I had a treat yesterday, when an old friend came through town and stopped by my workplace to say hello. We had only 20 minutes to catch up; what do you focus on if you haven't seen each other in years and you have 20 minutes?
Well, state of the children, sure. Brief reminisces about the past, sure. State of partnerships, sure.
And what was most pressing, given the circumstances -- teaching the craft, passing on our tradition, making decisions about how to use our energy.
When I first got out here to where I am now, I tried very hard to put a community together. I was on my own; I taught a couple of Elements courses; I worked with some friends for a while; nothing held, nothing worked, nothing stayed. It became clear to me that I was to focus elsewhere, and work, essentially, as a solitary, and that's what I've been doing, till recently.

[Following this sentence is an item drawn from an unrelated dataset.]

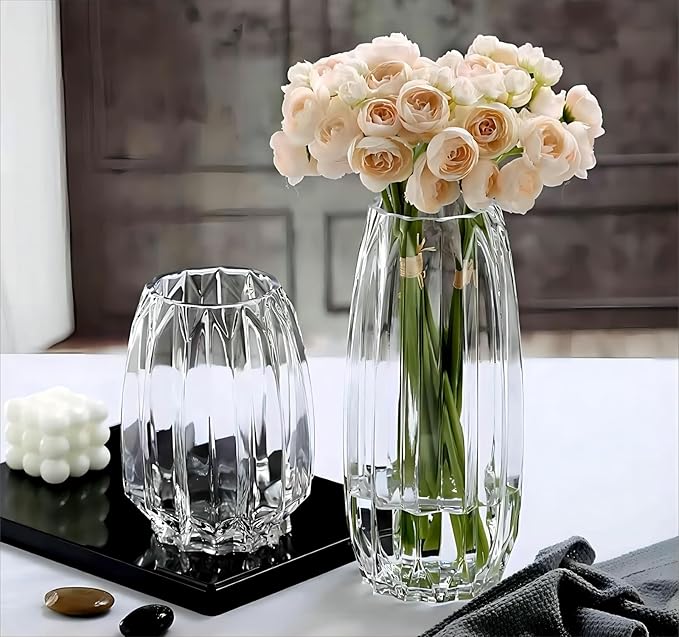 Large Flower Vase,11 inch,GIDARY Thickened Clear Ribbed Glass Vase for Bookshelf,Dinner Table,Indoor Office Desktop,Meeting Room,Home Christmas Day Decoration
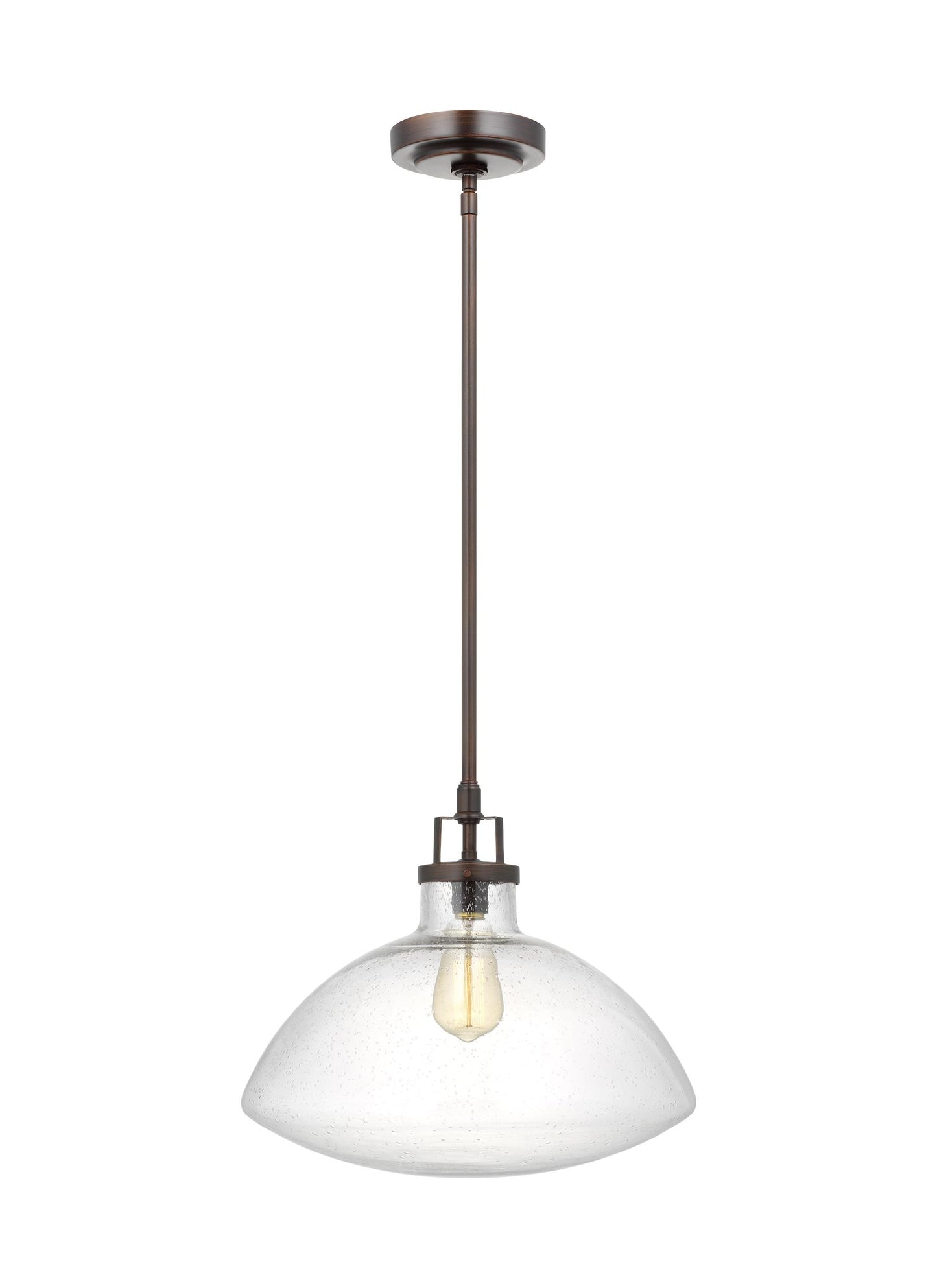 Belton transitional 1-light indoor dimmable ceiling hanging single pendant light in bronze finish with large clear seeded ...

What I learned the most from, though, was a situation wherein I'd been asked by an existing circle to come and teach them the Elements course. So I met with them over the course of weeks, and handed stuff on over. I'd asked at the beginning -- does everyone agree to this? Is this what the whole circle wants?
And the answer had been, yes it was. They'd been meeting regularly for a few years at that point, having full moon rituals, and they wanted to learn some structure for making their work deeper.
The group held together for the whole time I worked with them -- but they shattered soon after. This was because they all wanted to work more deeply, but what "deeper" looked like, what that word meant, was different for them all, as of course it would be.
So that they shattered I now understand to have been inevitable, though I thought at the time it was something I'd done wrong.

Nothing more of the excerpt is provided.